Short descriptive text snippets:
========================================

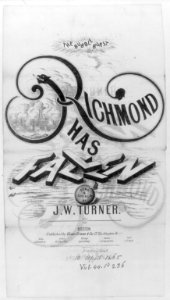 Richmond has fallen - The Bubble Burst LCCN2001701503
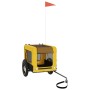 Trailer bicycle pets iron Oxford cloth yellow black by vidaXL, pet strollers - Ref: Foro24-93910, Price: 87,85 €, Discount: %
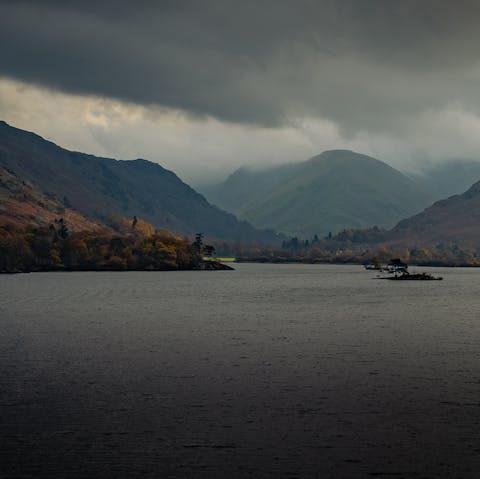 Stroll seven minutes down to the water's edge at Ullswater Marina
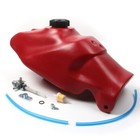 Gas Fuel Tank For Honda Trx 300ex 1993-2006 Plastic Cap Petcock Valve Red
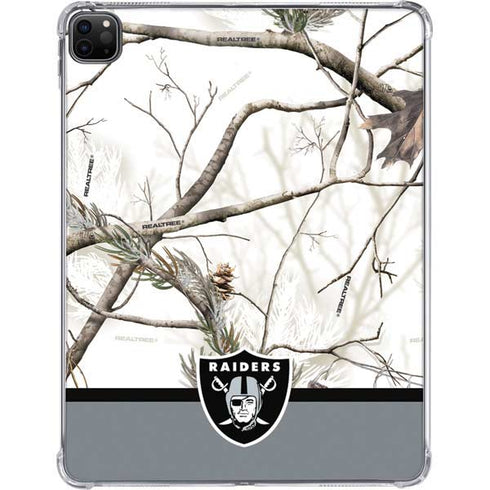 NFL Realtree Camo Las Vegas Raiders iPad Pro 11in (2024) Clear Case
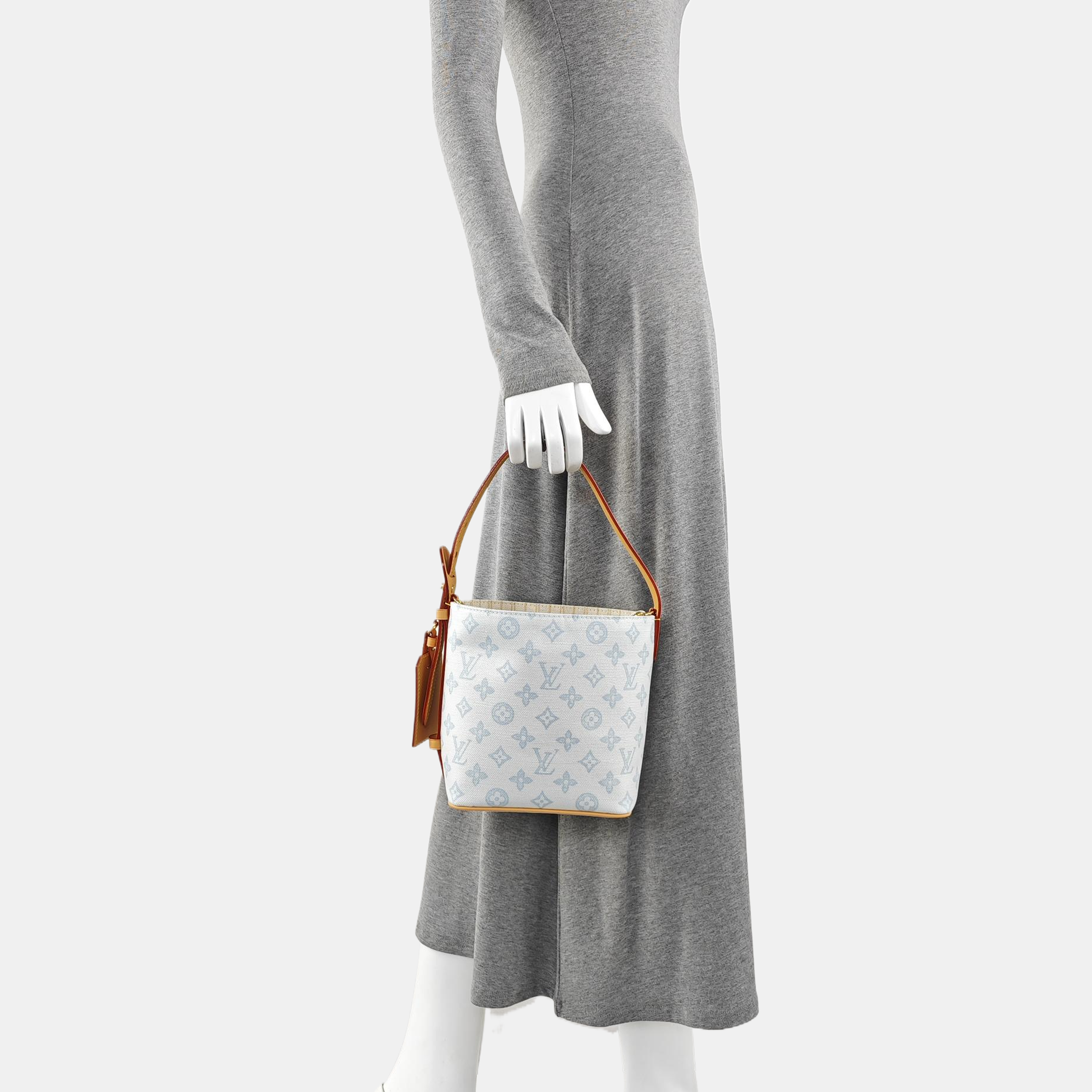 ALL IN BB Monogram Coated Canvas Blue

========================================

■ EXERCISE DIRECTIONS ■
Produce an exact copy of the records above, leaving out the pictures.

■ OUTPUT ■
 Richmond has fallen - The Bubble Burst LCCN2001701503
 Trailer bicycle pets iron Oxford cloth yellow black by vidaXL, pet strollers - Ref: Foro24-93910, Price: 87,85 €, Discount: %
 Stroll seven minutes down to the water's edge at Ullswater Marina
 Gas Fuel Tank For Honda Trx 300ex 1993-2006 Plastic Cap Petcock Valve Red
 NFL Realtree Camo Las Vegas Raiders iPad Pro 11in (2024) Clear Case
 ALL IN BB Monogram Coated Canvas Blue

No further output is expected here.